EXERCISE GOAL →
Output only the lines that run from the line holding "N.21 RTW Spring 2020" to the end of the entries, both ends included, and skip the pictures.
*** DATASET EXTRACT ***
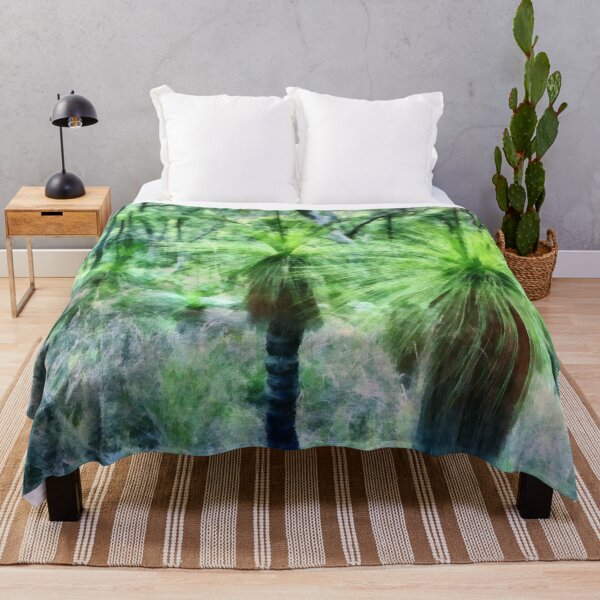 Item preview, Australian Bush designed and sold by OzCamera.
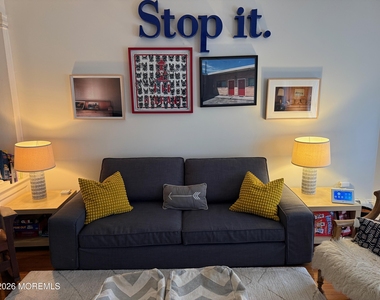 101 Osborne Avenue - Photo Thumbnail 3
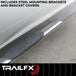 T83_2930313041_4 INCH OVAL STRAIGHT STEP BAR_EXTENDED_B2C_6.jpg
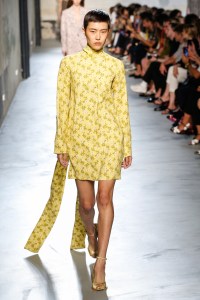 N.21 RTW Spring 2020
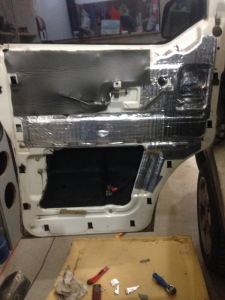 e067dc72944e9d9d390fc8c5efa39022fd241caf636f016ba061c453590fda07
*** End of DATASET EXTRACT ***
WRITTEN REPLY →
 N.21 RTW Spring 2020
 e067dc72944e9d9d390fc8c5efa39022fd241caf636f016ba061c453590fda07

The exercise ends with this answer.